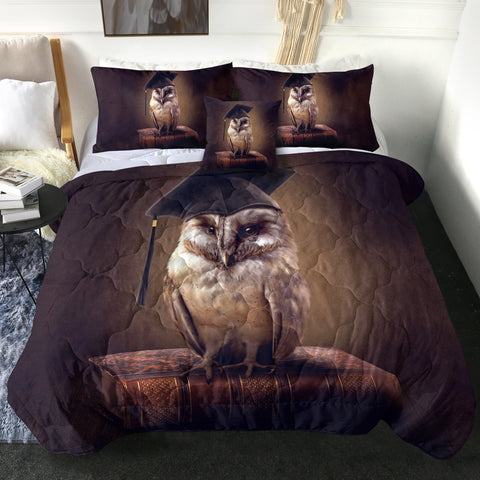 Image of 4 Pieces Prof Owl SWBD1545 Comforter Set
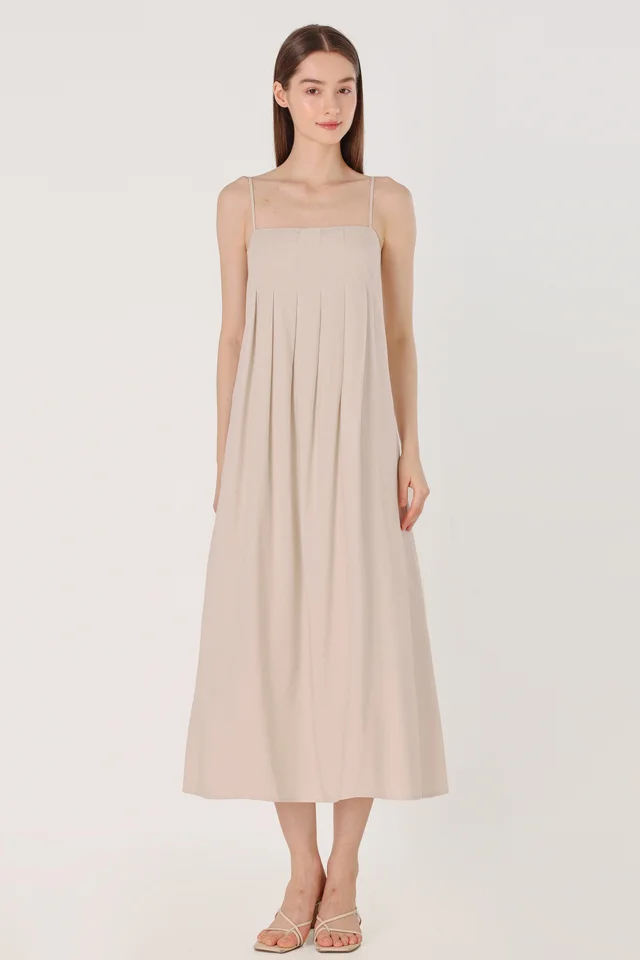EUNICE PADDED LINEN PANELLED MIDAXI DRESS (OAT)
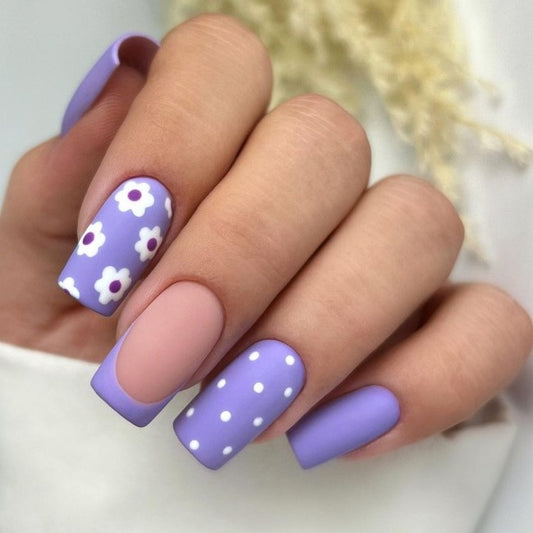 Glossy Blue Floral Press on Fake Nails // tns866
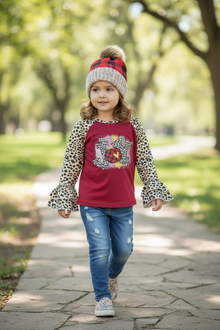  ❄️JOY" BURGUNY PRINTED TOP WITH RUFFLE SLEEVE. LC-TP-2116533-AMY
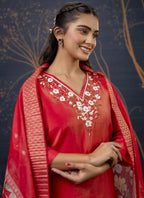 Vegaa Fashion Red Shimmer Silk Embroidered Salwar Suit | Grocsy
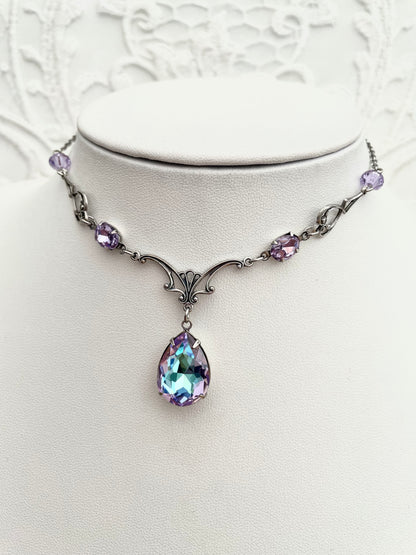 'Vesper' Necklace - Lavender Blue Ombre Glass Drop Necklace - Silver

------------------------------

_What is expected_: Each entry above should be written out again exactly, without its pictures.

_The answer_:
 Image of 4 Pieces Prof Owl SWBD1545 Comforter Set
EUNICE PADDED LINEN PANELLED MIDAXI DRESS (OAT)
 Glossy Blue Floral Press on Fake Nails // tns866
  ❄️JOY" BURGUNY PRINTED TOP WITH RUFFLE SLEEVE. LC-TP-2116533-AMY
 Vegaa Fashion Red Shimmer Silk Embroidered Salwar Suit | Grocsy
 'Vesper' Necklace - Lavender Blue Ombre Glass Drop Necklace - Silver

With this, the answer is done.